This PR takes the first steps at:

  1. Enforcing code formatting with the black code formatter in a GitHub action,
  2. Applies formatting changes to all current python files to get them into compliance,
  3. Adds a brief note to the GitBook documentation about the formatting.

Interestingly there was already a note in the GitBook documentation about code formatting, but it appears that it was out of date and never enforced. This PR edits a large number of files because of (2), but the two files to pay attention to in particular are:

  1. .github/workflows/code-linting-ci.yml and
  2. documentation/gitbook/development/python-guidelines-for-developers.md.

I've also left the code linting action general enough to take on other steps as well in the future (stricter linting via pylint, R code linting via lintr, etc.).

What does your pull request address? Tag relevant issues.

This PR addresses GH-279 and is blocked by GH-280 (hence marking as draft for now).

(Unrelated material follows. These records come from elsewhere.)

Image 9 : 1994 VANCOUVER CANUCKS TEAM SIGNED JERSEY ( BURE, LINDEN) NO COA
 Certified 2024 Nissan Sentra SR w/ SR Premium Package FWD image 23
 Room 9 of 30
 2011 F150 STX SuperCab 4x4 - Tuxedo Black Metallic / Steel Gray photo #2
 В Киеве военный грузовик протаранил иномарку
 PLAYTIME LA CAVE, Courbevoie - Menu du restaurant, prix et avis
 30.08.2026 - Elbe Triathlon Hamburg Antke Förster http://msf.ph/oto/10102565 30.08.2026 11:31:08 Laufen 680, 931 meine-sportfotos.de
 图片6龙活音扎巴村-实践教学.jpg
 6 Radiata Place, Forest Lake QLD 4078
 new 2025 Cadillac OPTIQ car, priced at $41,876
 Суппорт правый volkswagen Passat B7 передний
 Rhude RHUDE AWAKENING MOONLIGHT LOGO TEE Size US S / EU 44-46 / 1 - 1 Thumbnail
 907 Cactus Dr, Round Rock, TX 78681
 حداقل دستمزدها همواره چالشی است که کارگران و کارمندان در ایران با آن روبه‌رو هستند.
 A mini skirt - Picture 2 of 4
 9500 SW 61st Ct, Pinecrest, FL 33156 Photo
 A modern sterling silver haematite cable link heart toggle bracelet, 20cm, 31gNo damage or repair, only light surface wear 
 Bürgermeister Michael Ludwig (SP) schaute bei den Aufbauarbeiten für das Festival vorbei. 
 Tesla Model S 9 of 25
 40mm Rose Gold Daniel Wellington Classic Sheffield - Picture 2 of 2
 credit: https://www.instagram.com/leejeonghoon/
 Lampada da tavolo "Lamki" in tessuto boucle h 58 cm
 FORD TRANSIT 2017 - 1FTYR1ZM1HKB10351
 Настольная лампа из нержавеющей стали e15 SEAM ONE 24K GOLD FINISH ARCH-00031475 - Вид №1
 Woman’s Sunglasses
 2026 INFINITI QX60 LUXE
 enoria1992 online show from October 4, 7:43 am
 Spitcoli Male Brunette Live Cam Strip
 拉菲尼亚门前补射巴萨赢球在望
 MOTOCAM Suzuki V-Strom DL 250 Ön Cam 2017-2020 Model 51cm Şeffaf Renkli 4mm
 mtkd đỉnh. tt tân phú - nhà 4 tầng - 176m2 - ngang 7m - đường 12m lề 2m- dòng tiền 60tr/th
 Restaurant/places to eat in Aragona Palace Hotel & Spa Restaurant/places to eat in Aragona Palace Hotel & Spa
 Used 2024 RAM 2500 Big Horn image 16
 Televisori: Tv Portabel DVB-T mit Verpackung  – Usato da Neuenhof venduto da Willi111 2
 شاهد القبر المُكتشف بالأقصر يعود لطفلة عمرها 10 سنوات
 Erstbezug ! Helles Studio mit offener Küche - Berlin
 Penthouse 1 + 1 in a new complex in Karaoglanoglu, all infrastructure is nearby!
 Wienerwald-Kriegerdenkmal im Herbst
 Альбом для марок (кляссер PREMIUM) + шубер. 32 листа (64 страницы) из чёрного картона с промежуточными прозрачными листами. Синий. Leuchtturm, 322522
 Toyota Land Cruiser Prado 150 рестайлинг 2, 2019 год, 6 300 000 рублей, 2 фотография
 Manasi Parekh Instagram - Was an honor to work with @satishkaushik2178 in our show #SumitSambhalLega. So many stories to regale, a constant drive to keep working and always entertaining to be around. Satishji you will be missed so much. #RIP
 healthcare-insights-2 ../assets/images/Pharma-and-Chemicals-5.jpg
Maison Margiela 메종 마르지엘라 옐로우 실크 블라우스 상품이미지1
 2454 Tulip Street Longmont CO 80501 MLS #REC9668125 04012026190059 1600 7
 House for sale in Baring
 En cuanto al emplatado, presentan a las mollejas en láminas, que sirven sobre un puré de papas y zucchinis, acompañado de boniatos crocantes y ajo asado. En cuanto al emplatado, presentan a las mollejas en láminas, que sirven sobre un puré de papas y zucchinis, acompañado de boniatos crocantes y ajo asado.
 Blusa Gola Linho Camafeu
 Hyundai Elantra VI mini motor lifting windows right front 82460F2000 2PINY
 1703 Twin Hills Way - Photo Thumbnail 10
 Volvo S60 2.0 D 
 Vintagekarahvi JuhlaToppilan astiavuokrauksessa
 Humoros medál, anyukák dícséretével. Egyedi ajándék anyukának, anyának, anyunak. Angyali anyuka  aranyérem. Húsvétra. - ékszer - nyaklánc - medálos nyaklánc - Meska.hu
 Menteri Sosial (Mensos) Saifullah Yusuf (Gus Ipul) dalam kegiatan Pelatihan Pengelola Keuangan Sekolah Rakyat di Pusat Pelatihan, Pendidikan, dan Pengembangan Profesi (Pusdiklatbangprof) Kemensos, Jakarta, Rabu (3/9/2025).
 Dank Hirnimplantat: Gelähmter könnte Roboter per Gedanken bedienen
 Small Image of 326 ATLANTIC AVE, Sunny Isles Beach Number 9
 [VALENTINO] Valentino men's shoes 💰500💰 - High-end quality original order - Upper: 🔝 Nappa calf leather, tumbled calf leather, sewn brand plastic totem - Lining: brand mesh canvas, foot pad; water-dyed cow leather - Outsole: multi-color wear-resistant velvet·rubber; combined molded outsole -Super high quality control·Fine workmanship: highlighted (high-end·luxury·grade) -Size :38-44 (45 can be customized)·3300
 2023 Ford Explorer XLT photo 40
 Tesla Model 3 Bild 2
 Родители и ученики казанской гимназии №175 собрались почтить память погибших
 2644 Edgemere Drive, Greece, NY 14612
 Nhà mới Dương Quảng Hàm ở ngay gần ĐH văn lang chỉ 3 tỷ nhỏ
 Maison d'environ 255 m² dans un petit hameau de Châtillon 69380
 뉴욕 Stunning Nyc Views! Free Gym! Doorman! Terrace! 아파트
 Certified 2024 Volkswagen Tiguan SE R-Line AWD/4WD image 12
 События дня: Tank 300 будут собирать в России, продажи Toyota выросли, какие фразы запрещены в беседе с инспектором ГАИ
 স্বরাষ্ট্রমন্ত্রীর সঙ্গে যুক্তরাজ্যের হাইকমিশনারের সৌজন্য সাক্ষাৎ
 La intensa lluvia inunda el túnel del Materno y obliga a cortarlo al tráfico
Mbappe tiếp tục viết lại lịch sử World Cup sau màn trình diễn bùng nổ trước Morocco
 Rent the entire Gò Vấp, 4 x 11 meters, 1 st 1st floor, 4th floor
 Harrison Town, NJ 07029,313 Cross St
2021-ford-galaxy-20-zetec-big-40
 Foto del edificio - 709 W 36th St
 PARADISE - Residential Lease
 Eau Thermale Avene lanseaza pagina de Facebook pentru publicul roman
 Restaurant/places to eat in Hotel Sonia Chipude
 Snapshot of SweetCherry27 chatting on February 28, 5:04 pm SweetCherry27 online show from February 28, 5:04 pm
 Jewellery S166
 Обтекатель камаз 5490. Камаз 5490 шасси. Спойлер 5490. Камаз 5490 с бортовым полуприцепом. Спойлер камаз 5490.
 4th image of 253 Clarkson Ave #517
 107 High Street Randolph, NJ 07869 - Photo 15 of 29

Mentions of relevant team members.

@shauntruelove, @pearsonca, @jcblemai

Split the "unit-tests" action into multiple actions, currently one for
each package contained within the `flepiMoP` repo. Also updated checkout
from v3 to v4 to address node16 deprecation warnings and swapped ubuntu
20.04 for ubuntu latest. Changed the gempyor ci to not print stdout and
exit on first failure.
Typo in `setwd` call causes error about not being able to change to
directory that doesn't exist.
Set the shell to bash so the `source` function is available.
Add the same path related limits from the on push to on pull_requests as
well.
Removed the `breaking-improvements` branch from special consideration in
GitHub actions.
Added black python formatter to check all python files in `flepiMoP`
repo on push/PR to main/dev that edits a `.py` file. Left the action
general enough to be updated for future linting additions.
Corrected formatting in all `.py` files using black formatter with
command `black .` and now passes `black --check .`.
Added a few more examples of commands to help jump start users into
using black when working on python code for `flepiMoP`. Also added a
note leaving the door open for future additions.
@TimothyWillard TimothyWillard added documentation Relating to ReadMEs / gitbook / vignettes / etc. enhancement Request for improvement or addition of new feature(s). gempyor Concerns the Python core. meta/workflow Relating to CI / issue templates / testing frameworks / etc. labels Aug 7, 2024
Fix missing `with` in black formatter check step to contain `src` and
`options`.
# Reformat the python files automatically
black .
# Check if current work would be allowed to merged into flepiMoP
black --check .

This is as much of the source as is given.